I encounted a problem:
I load four integer (32bit) into xmm register
and I want to use the four integers seperately.
In my program I have to shift 32 bit each time ,it is very time consuming.
movd %xmm5, %eax
60 psrldq $4, %xmm5
61 movsd (%rdi,%rax,8),%xmm2 #xvalue ---one a time
63 movd %xmm5,%eax
64 psrldq $4, %xmm5
65 movhpd (%rdi,%rax,8),%xmm2
67 mulpd %xmm2,%xmm0
70 movd %xmm5,%eax
71 psrldq $4,%xmm5
72 movsd (%rdi,%rax,8),%xmm6
74 movd %xmm5,%eax
75 movhpd (%rdi,%rax,8),%xmm6
Is there any instruction that I don't need to shift , and get the appropriate part of bits I need?
I haven't find such instruction so far ?
Does anyone know this instruction?
I'm not sure if I understand your problem correctly.
Do you want to insert 4 different 32bit integers in a XMM register? Then pinsrd might be the instruction that you are looking for.

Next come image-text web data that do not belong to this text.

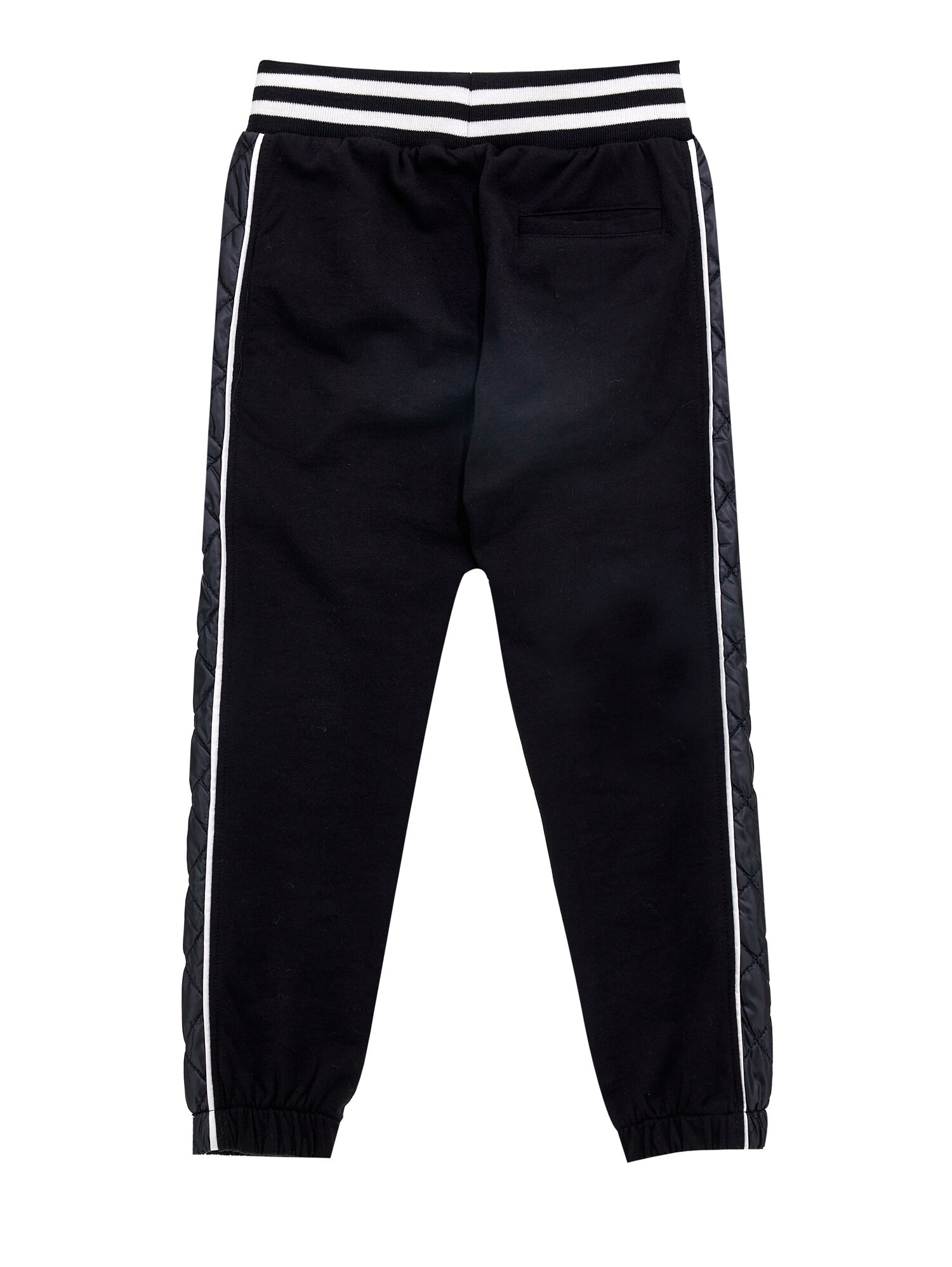Monnalisa Bambina Abbigliamento Pantaloni e jeans Pantaloni Joggers Pantajogging gala 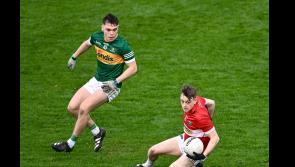 Tipperary football champions Clonmel Commercials reach the end of the road against Dingle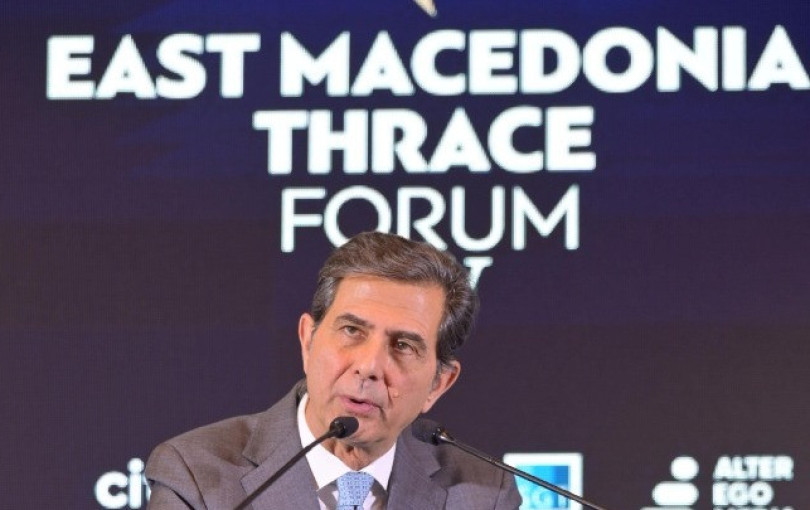 Κ. Γκιουλέκας: «Ανεβάζουμε τη Μακεδονία και τη Θράκη ακόμα πιο ψηλά» - Προσέλκυση επενδύσεων και νέες πρωτοβουλίες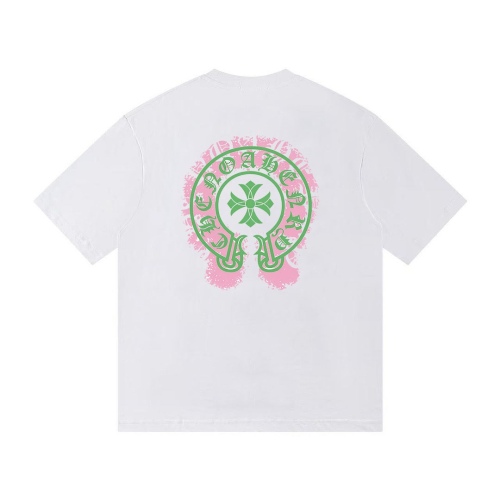 Chrome Hearts  2026ss New T Shirt  Size M-XXL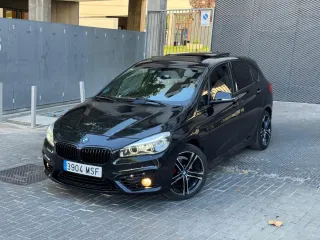 BMW Serie 2 2015
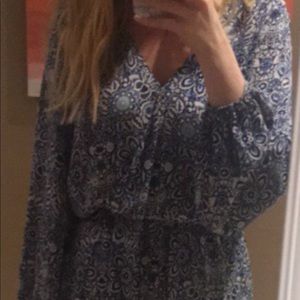 Show me your mumu romper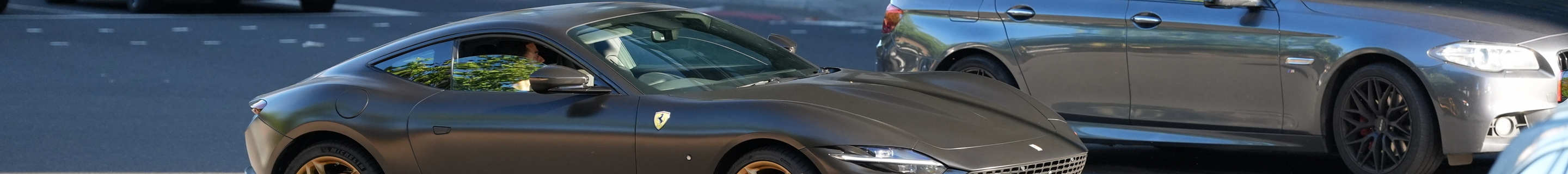 Ferrari Roma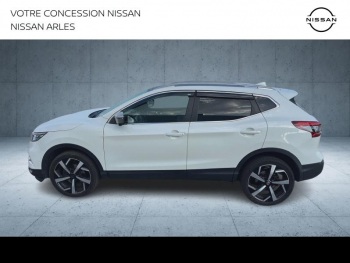 Photo 6 du bon plan NISSAN Qashqai 1.5 dCi 115ch Tekna+ Euro6d-T occasion à 14980 €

If you want to have 4 copies of the same value, you could use vbroadcastss.
It's just opposite to insert.
I want to extract four integers from xmm registers into four 32bit registers .
I look up the instruction set manual and find that pextrw can do this .
But it's also time consuming, it is decded into 2uops,and latency is 3 clocks in procesor nehalem.